Cleveland Orchestra with Marin Alsop and David Fray

For my criticism class:

American orchestras rarely play American music. Aside from the occasional Appalachian Spring or Short Ride in a Fast Machine, works by American composers are scant in concert halls. Conductors like Marin Alsop who champion the music of this country are thus appreciated. Alsop has shown special devotion to Leonard Bernstein’s work, and has recorded pieces by John Corigliano, Jennifer Higdon, Roy Harris, Samuel Barber and Aaron Copland.  On Dec. 3 in Finney Chapel, she led the Cleveland Orchestra in a program that highlighted the last two composers, as part of the Artist Recital Series.

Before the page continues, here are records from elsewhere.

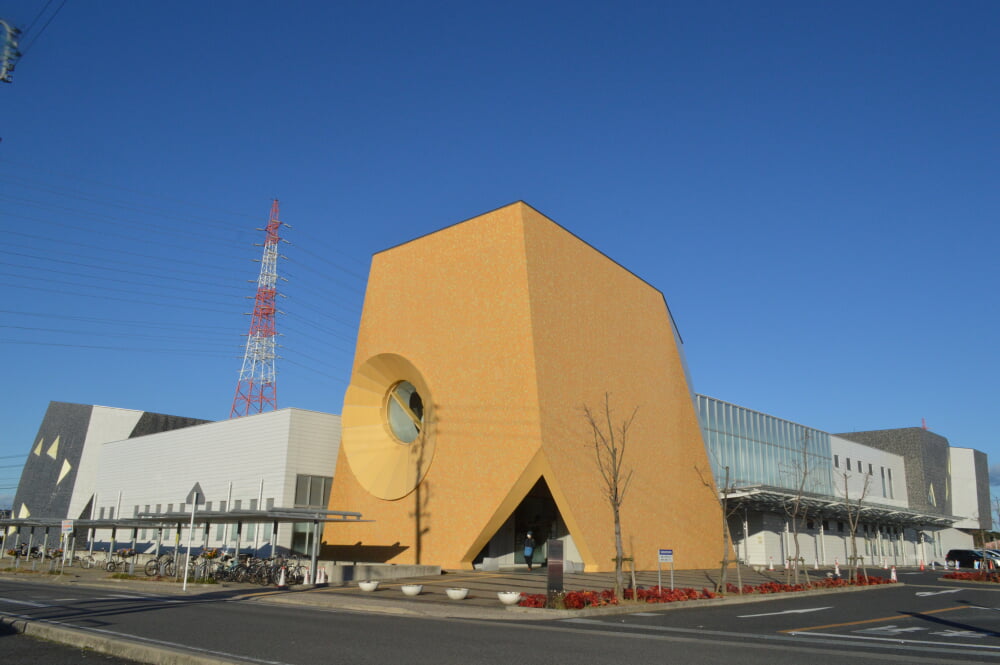 日進市立図書館の写真 ©Asturio(CC BY-SA 4.0)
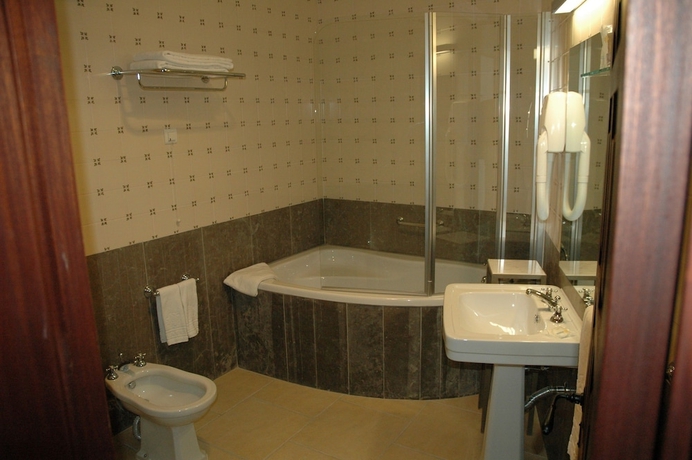 Imagen de la habitación del Hotel Rural Inatel Linhares Da Beira. Foto 11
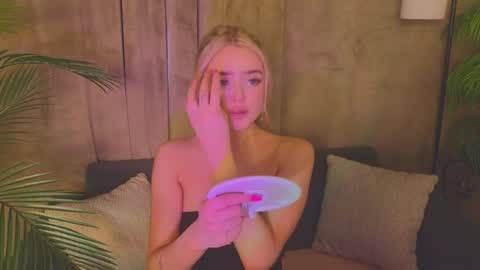 Snapshot of anna_nickol chatting on June 8, 6:41 pm Anna online show from June 8, 6:41 pm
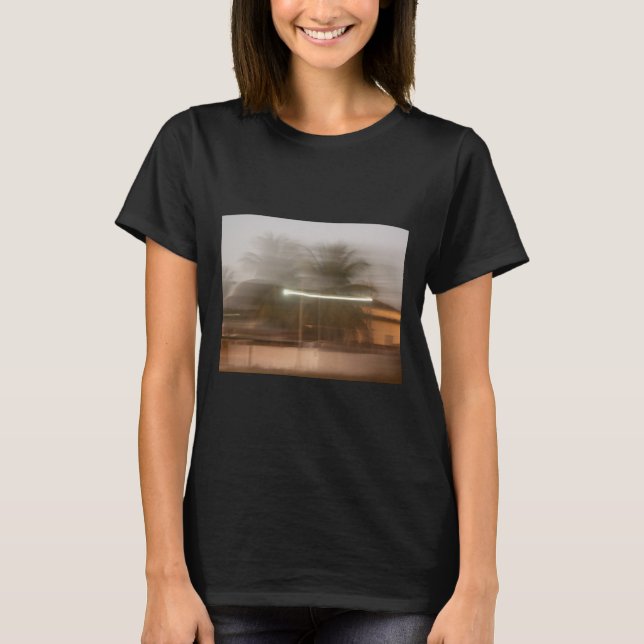 Camiseta Imagen Borrosa De Una Casa Con Pegamento De Árbole (Anverso)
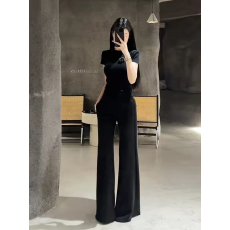 批发甜酷气质休闲运动套装<b class='q'>女</b>夏季修身显瘦正肩<b class='q'>T</b><b class='q'>恤</b>高腰喇叭长裤两件套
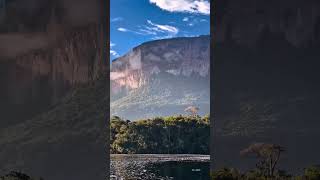 vast and beautiful landscapes are simply stunning.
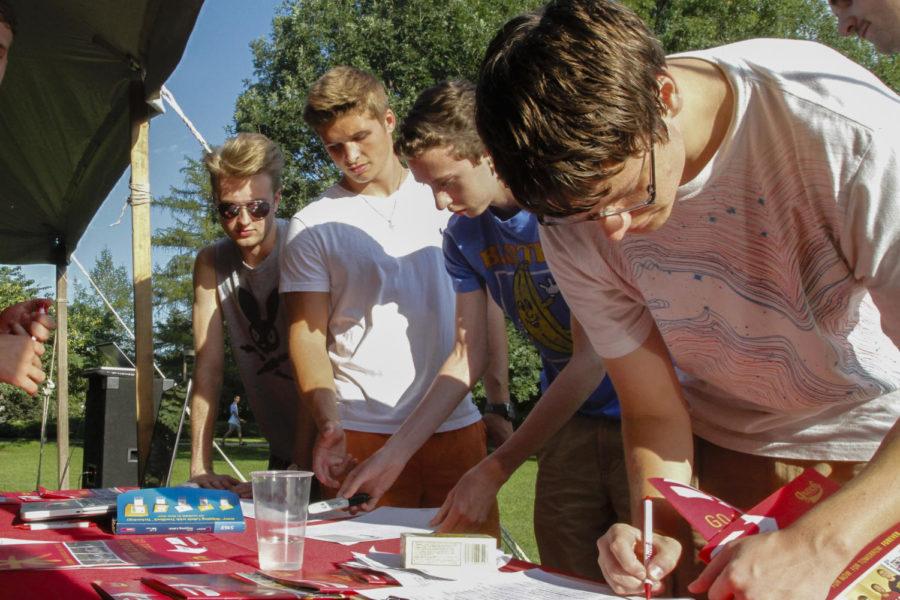 Fraternity recruitment began with an outdoor social event on Central Campus on Sept. 3. The new outdoor addition to recruitment allowed participants to eat, play games and talk to current fraternity members about greek life.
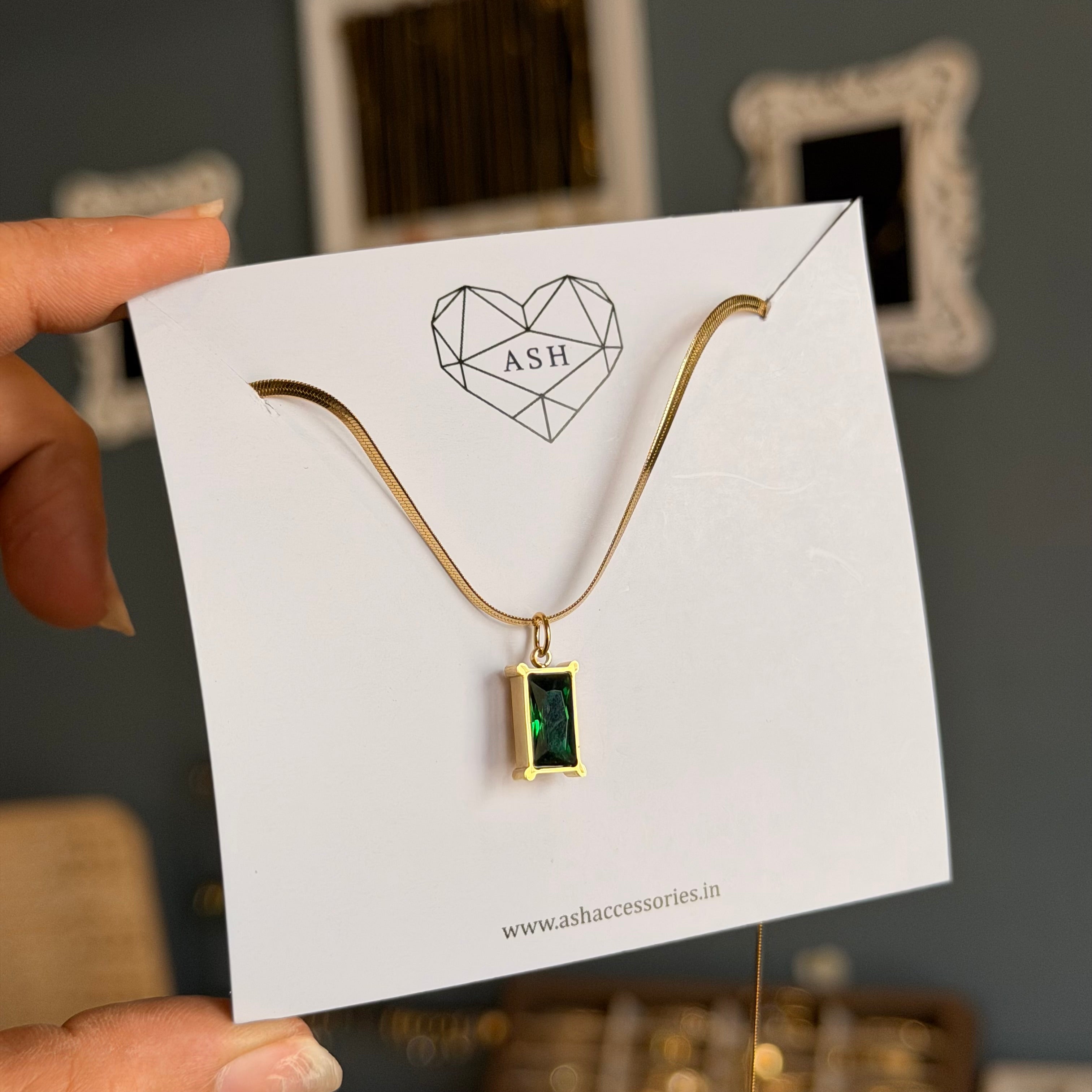 Green Emrald Necklace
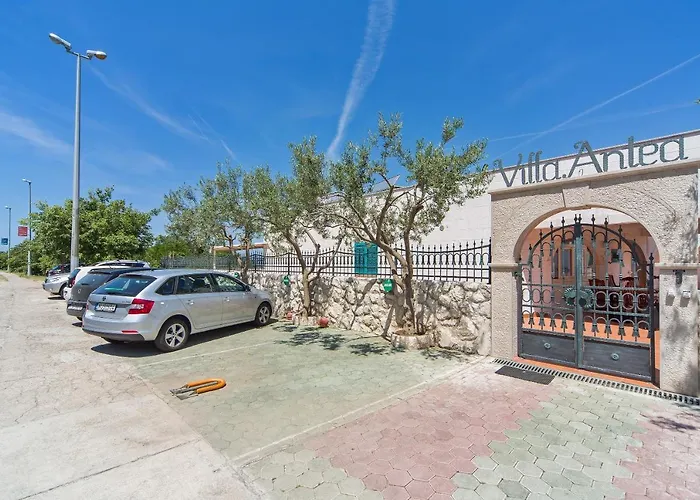 Hotel di lusso: Villa Antea Apartments With Free Parking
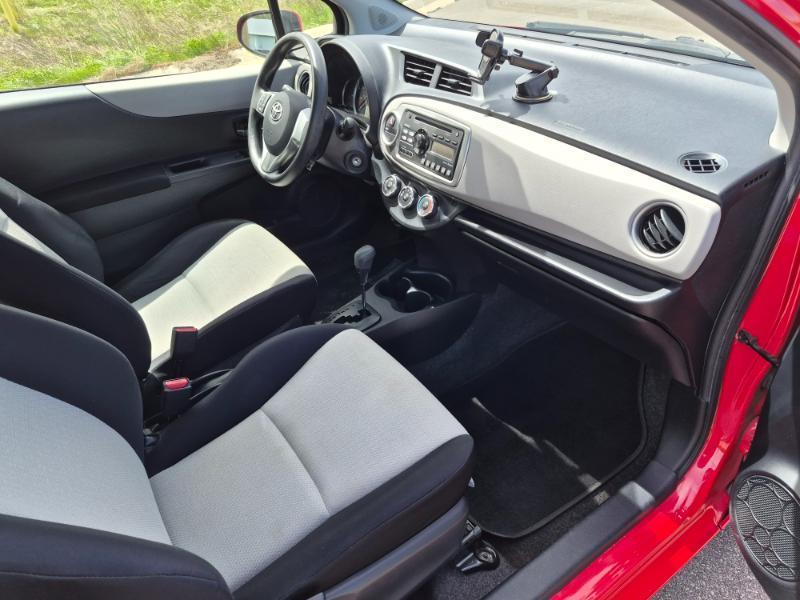Toyota Yaris LE 3-Door AT 2012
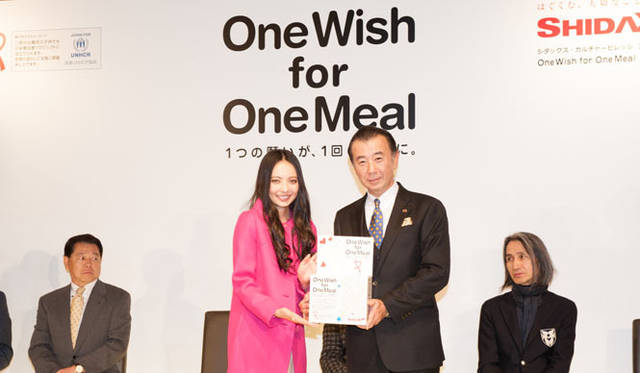 <strong>SHIDAX｜シダックス</strong>　チャリティー活動「One Wish for One Meal」<br>「One Wish for One Meal」メールボックスへの投函第一号はベッキーさん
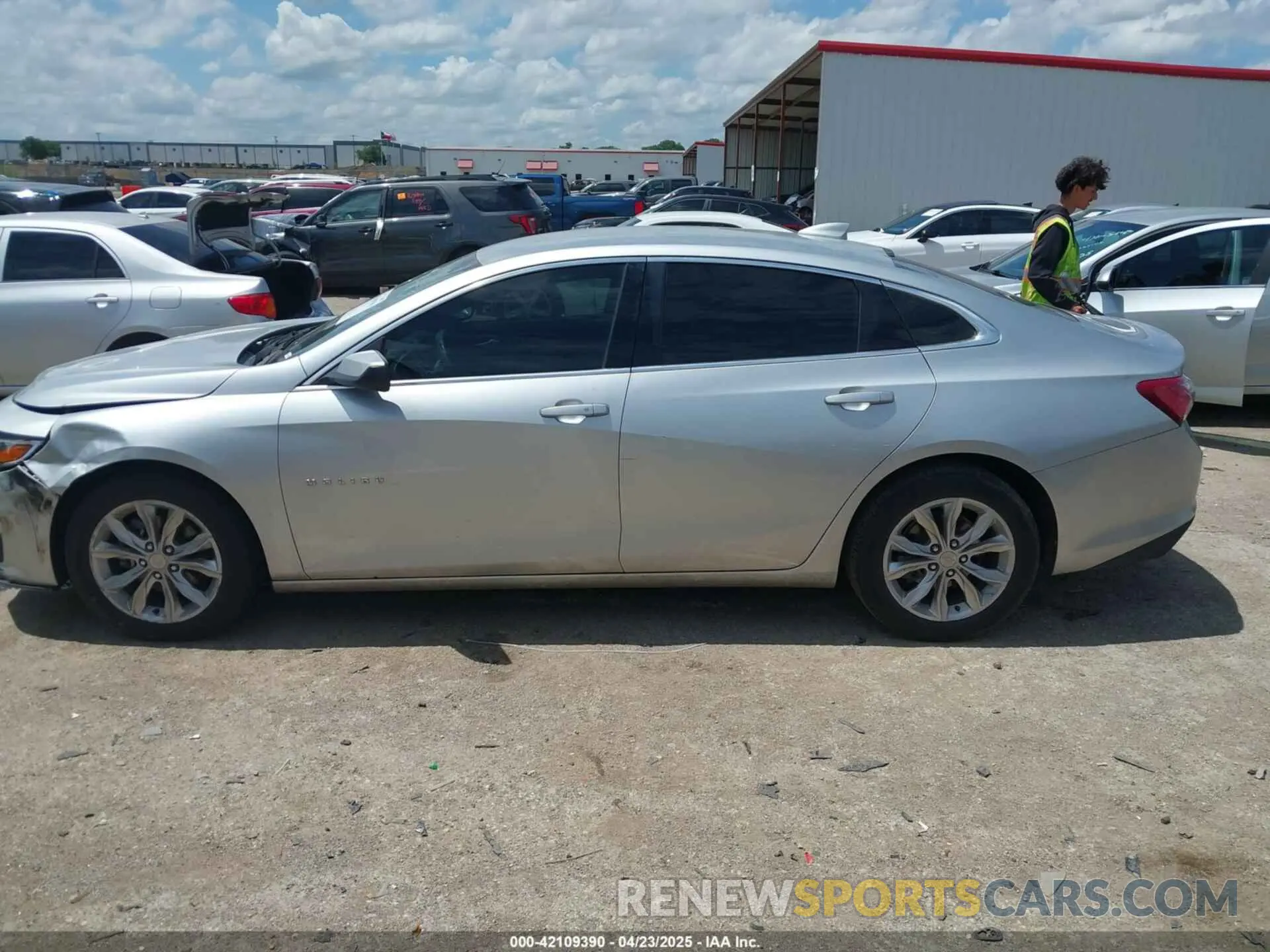14 Photograph of a damaged car 1G1ZD5ST5MF066796 CHEVROLET MALIBU 2021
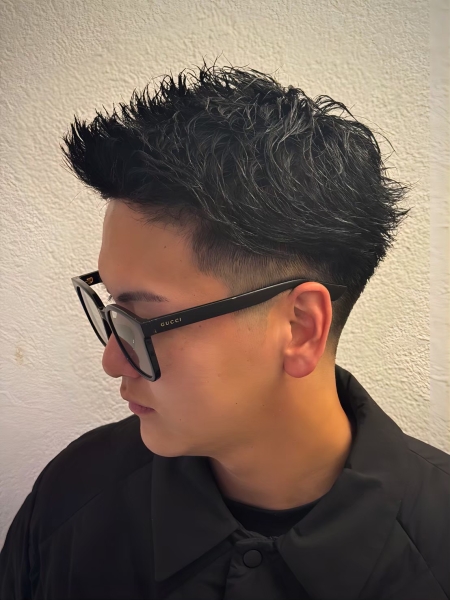 アップバングショートスタイル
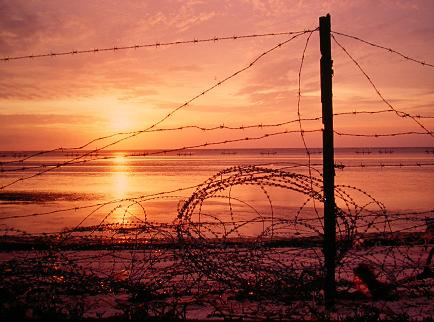 東沙防禦鐵網夕陽；圖片來源：環境影像部落格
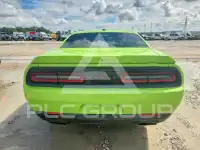 2015 Dodge CHALLENGER photo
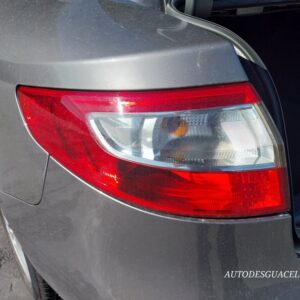 PILOTO TRASERO IZQUIERDO RENAULT FLUENCE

            Alsop followed Bernstein’s example by exploring the construction of Copland’s Third Symphony in brief introductory remarks, illustrated by musical samples. (Bernstein often lectured on pieces, most notably in his young people’s concerts). She explained that the whole symphony is based on Copland’s magnificent “Fanfare for the Common Man,” and shares that piece’s optimism, though the actual fanfare does not appear until the final movement.

            Bernstein’s strong interpretative ability lives on in Alsop, who ably navigated this monumental work. Copland’s wide-ranging, naïve phrases were supple and fluid in her hands, and the long piece felt confidently plotted, with a sure narrative. Cleveland’s winds were sublime in solos, while the brass imbued their epic fanfares with a radiant glory. The third movement begins with a stratospheric melody in the violins, a terrifying moment for intonation. The musicians fearlessly executed it, their pure tone beautifully contrasting with the pained theme.

Alsop and the orchestra also braved Copland’s piled-up, complex rhythms in moments that evoke a wind-up toy shattering to pieces as it marches. Copland poured all of his art into the finale, utilizing his majestic fanfare theme and the whole, massive orchestra. After a lone piccolo flits away from agonized, dissonant chords midway through the movement, the music strikes a hopeful tone, with bright themes and brilliant orchestration recalling a joyful Christmas scene full of presents and tolling bells.

            The composition of Barber’s Second Essay was, like the Copland, instigated by Serge Koussevitsky and premiered in the 1940s. Similarly, it features broad wind solos, stunning in the hands of Cleveland’s musicians, and contrasts wild, aggressive episodes with passionate lyricism. Alsop molded the music as if it were a tangible thing. She pulled phrases out of the air with visible effort, note by effortful note. This emotionality came to an expressive climax as the strings sawed at a unison note with broad bow strokes, each a dagger to the heart.

            The program also included Schumann’s Piano Concerto, with soloist David Fray. Alsop adeptly followed Fray while he folded his part into the texture of the orchestra, so that the experience was more chamber music than concerto. Fray’s technique was brilliant, but his playing lacked nuance and contrast, making the piece staid and repetitive.  

            Alsop and the Cleveland Orchestra amply illustrated the case for American classical music. As great as the European masterworks are, 20th century music from this country inhabits a different, fresh world, one that deserves to be explored more.